Die Sondierungsergebnisse ergeben ein gemischtes Bild. Beim Klima- und Umweltschutz gibt es durchaus beachtliche, detailliertere Aussagen, z.B. zur Zurückdrängung des Autoverkehrs in der Innenstadt, dem Ausbau von Radwegen und zur Klimapolitik. Die Umsetzung in der Praxis wird jedoch Schritt für Schritt mit dem Koalitionspartner CDU auszukämpfen sein. Beim Ausbau von Bus und Bahn ist schon, wie beim bisherigen schwarzen-grünen Bündnis, eine stärkere Zurückhaltung zu verzeichnen. Das 365-Euro-Ticket, das im Wahlkampf eine große Rolle spielte, wird gar nicht mehr erwähnt. Die Maßnahmen sprechen also, wie bisher, eher die für ökologische Probleme offenen bürgerlichen Schichten an.
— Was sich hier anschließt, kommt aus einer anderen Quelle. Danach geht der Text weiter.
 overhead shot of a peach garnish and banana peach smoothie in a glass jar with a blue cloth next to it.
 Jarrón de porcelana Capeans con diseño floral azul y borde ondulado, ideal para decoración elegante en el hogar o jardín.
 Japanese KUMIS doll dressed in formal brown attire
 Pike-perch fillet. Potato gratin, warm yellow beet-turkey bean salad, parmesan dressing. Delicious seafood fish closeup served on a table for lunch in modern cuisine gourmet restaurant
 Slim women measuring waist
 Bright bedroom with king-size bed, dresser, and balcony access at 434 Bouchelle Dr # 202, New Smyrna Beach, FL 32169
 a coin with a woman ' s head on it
Würde Verkehrspolitik von seiner sozialen Seite her betrachtet, müssten der großflächige Ausbau des öffentlichen Nahverkehrs und kräftige Preissenkungen eine größere Rolle spielen, um den Autoverkehr in größerem Maße unnötig zu machen. Dies käme auch der Klimawende zugute. Die Verkehrswende bleibt, wie im ganzen Bundesgebiet, auch in Köln hinter der Notwendigkeit eines ökologischen und sozialen Umsteuerns zurück. Auch Grün-Schwarz-Lila bleibt in Köln auf diesem Feld blass.
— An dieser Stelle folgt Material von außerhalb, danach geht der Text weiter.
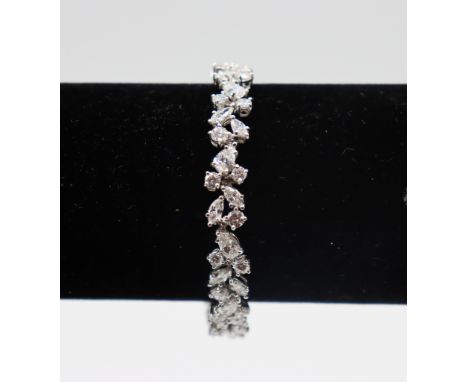 Vintage Ladies Diamond Cluster Style Bracelet with 10 pear cut, 29 round brilliant cut diamonds, 20 marquise cut diamonds, we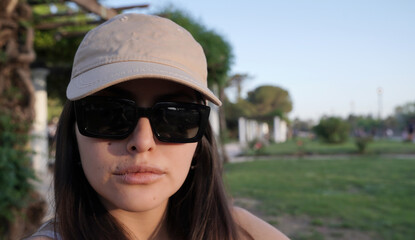 Portrait of a young confident woman wearing sunglasses and a cap, in the park at sunset 

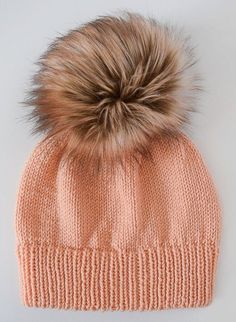 an orange hat with a brown fur pom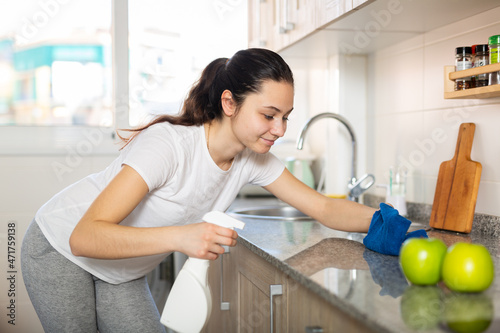 Attractive smiling young woman cleaning kitchen counter with spray bottle and rag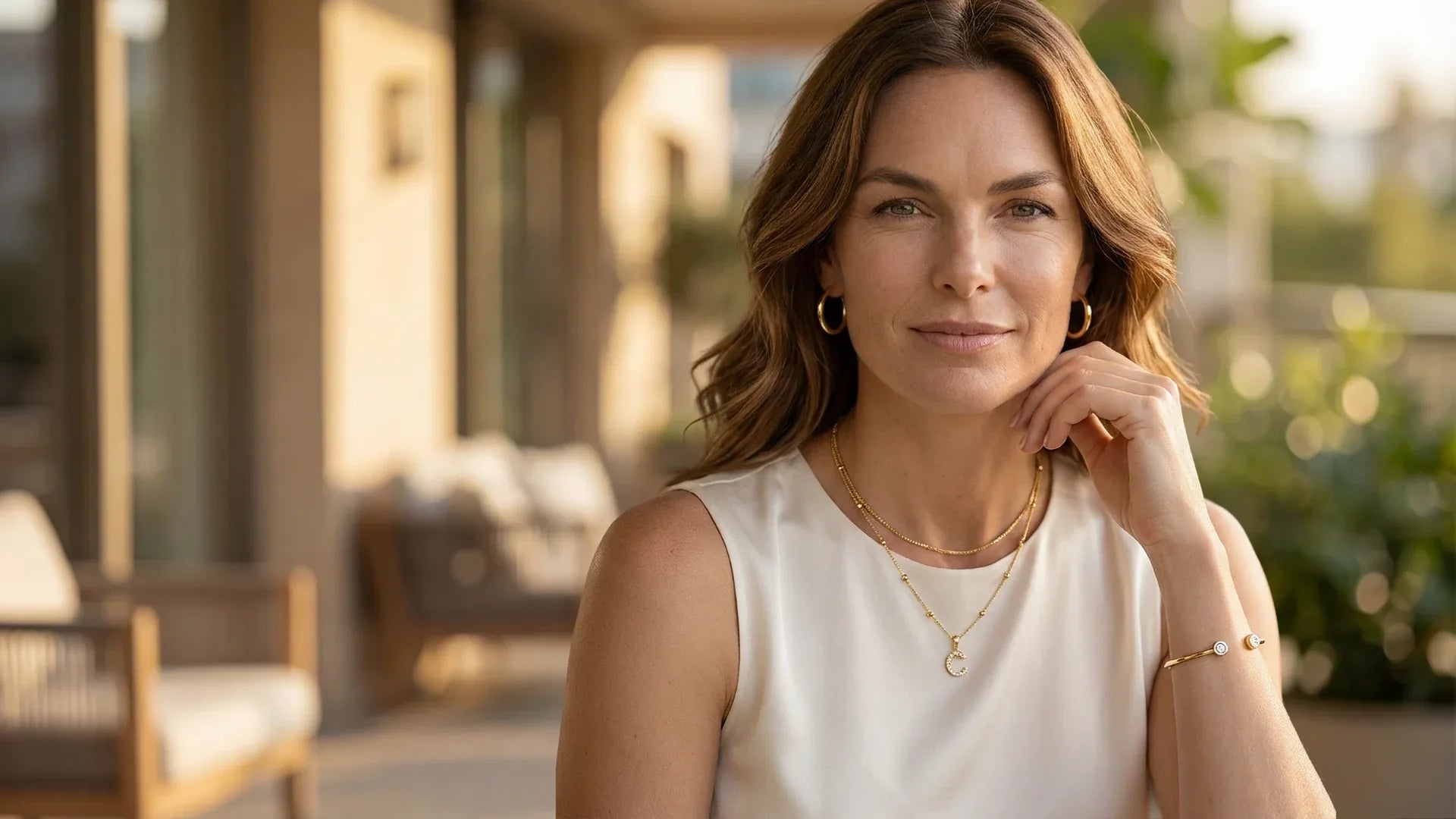 Mujer con joyas Coca Johnson en terraza al atardecer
Sozialpolitik erschöpft sich insgesamt im angekündigten Verzicht auf soziale Kürzungen. In der Wohnungspolitik wird das Prinzip „Der Markt soll’s richten“ fortgesetzt, das schon für die vergangenen Jahre galt. Einen deutlich gesteigerten öffentlichen Wohnungsbau, gar eine zweite städtische Baugesellschaft, wird es nicht geben. Es wird deutlich, warum die IHK-Präsidentin Nicole Grünberg „Aufbruchstimmung“ wahrnahm. Köln wird weiterhin eine Stadt sein, in der die Investoren der Bauwirtschaft satte Gewinne einfahren. Auch der Bau von Schulen und Kitas wird diesen weiter überlassen. Die CDU kündigte an, sich für eine „ideologiefreie Schulbaupolitik“ gemäß der Ideologie von Privat vor Staat stark zu machen.
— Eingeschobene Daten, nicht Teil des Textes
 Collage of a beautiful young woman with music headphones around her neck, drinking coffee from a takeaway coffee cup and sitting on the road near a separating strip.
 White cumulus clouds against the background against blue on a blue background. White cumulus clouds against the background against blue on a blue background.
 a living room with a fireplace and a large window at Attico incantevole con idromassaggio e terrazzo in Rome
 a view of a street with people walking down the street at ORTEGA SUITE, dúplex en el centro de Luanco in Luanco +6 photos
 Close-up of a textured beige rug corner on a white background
Überhaupt gibt es offenbar in der Bildungspolitik keinerlei wichtige Themen. Sie kommt, wie auch die Kulturpolitik, im Papier nicht vor. Dass in den letzten Jahren acht bis neun Gesamtschulen fehlten und die Einwohnerzahl weiter wächst, dass Schulen und Kitas in sozialen Brennpunkten dringend stärkere Unterstützung brauchen: Fehlanzeige. Beim grün-schwarz-lila Ratsbündnis in Köln wird damit deutlich, warum CDU-Politiker*innen von „bürgerlicher Politik“ im Zusammenhang von Schwarz-Grün sprechen. Die sozialen Verwerfungen der letzten Jahre, die zugespitzte soziale Spaltung wird dieses Bündnis nicht bekämpfen.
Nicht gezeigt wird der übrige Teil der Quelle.